This function uses Random Forest Classifier as model. In the default code, there are some modification to the parameters in trying to increase model’s success. 

The function returns the performance of the model in different training models to help the user evaluate the success. The output informs the user about the overfitting and the score of the model (how accurately the model assigned the categories to the data points compared to actual categorisation).

- do_cross_val(kf, df)
This function is nearly identical to cross_validate(df). User should check which one works the best for the visualisation of the model success. 

- trainParameters(df)
This function trains parameters of the model to optimise them. Default code deals with max_depth and min_samples_leaf parameters in Random Forest Classifier for smoothing.

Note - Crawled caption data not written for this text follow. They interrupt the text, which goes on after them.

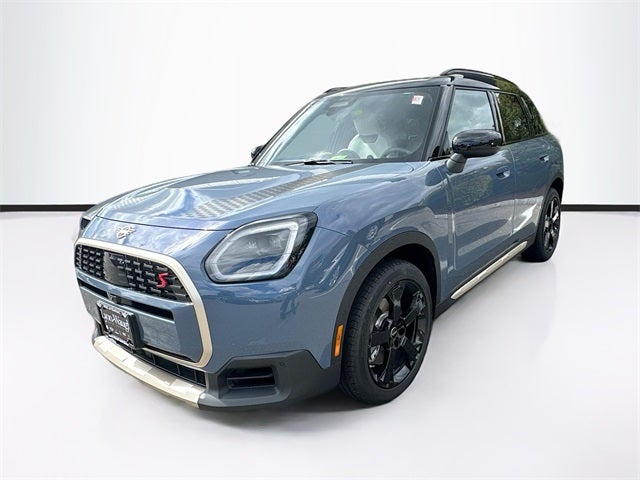 2026 MINI Countryman All4 Cooper S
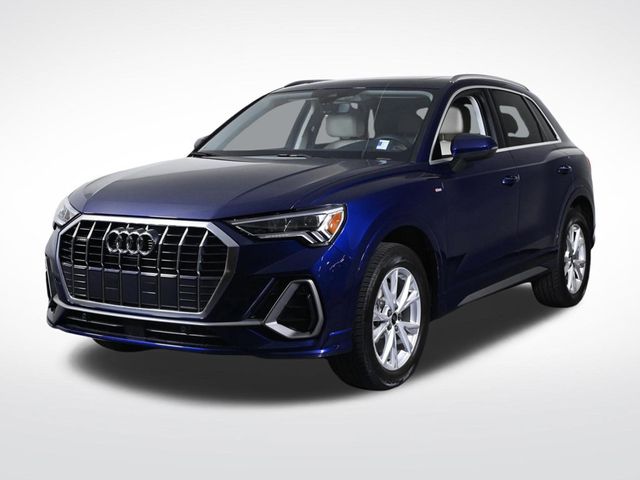 2025 Audi Q3 Premium - 22995971 - 0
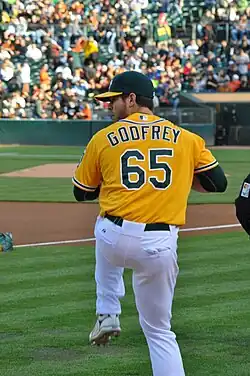 Image illustrative de l’article Graham Godfrey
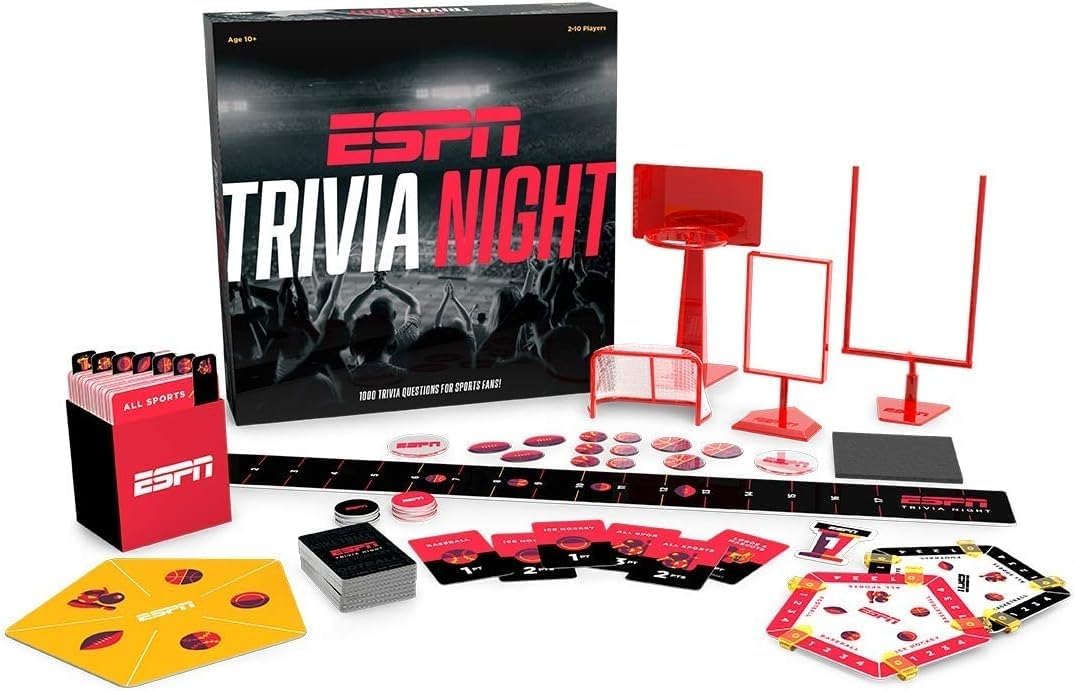 Game - ESPN Trivia Night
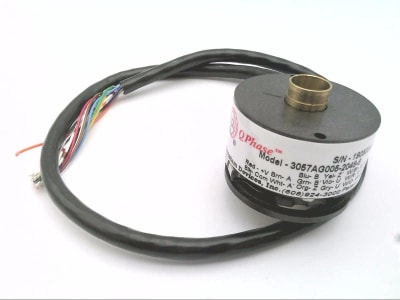 WESTERN RESERVE CONTROLS 3057A005-2048-8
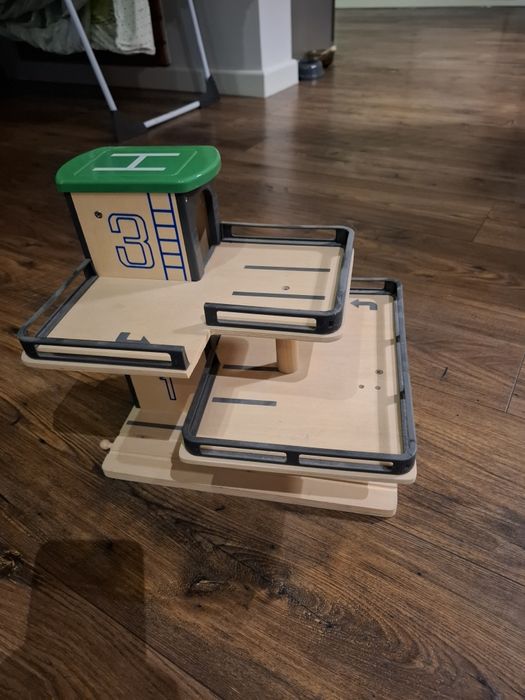 Tory i pociągi zestaw Ikea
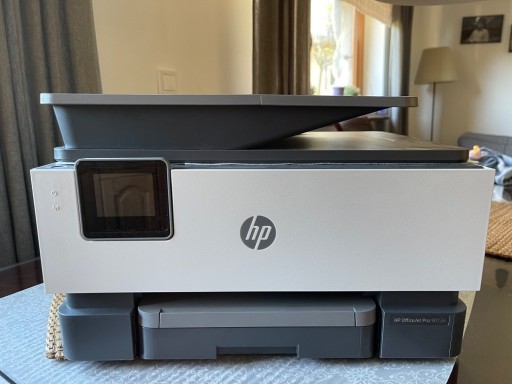 Zdjęcie oferty: Drukarka HP OfficeJet Pro 9012e + Tusz czarny XXL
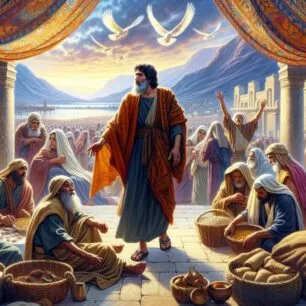 Quem foi Eliseu na bíblia? Descubra seus milagres!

User can add additional parameters available to Random Forest Classifier.



In [None]:
# Encoding the Primary Topic column
topicMap = {
    'Demand impact' : 0,
    'People' : 1,
    'Policy recommendations' : 2,
    'Supply impact' : 3,
    'Other operational impact': 4
}
df['label'] = df['Primary Topic'].map(topicMap)

print("Data loaded")


# Gives a more reliable score than just using one split (like below with train_test_split)
def cross_validate(df):
    kf = StratifiedKFold(n_splits=5, shuffle=True) # idea - also try StratifiedKFold
    score = 0
    overfitScore = 0
    count = 0

    for trainIndices, testIndices in kf.split(df['wordVec'], df['label']):
        train, test = df.iloc[trainIndices], df.iloc[testIndices]
        X_train = np.array(train['wordVec'].tolist())
        X_test = np.array(test['wordVec'].tolist())
        y_train = train['label']
        y_test = test['label']

        print('Training model ' + str(count))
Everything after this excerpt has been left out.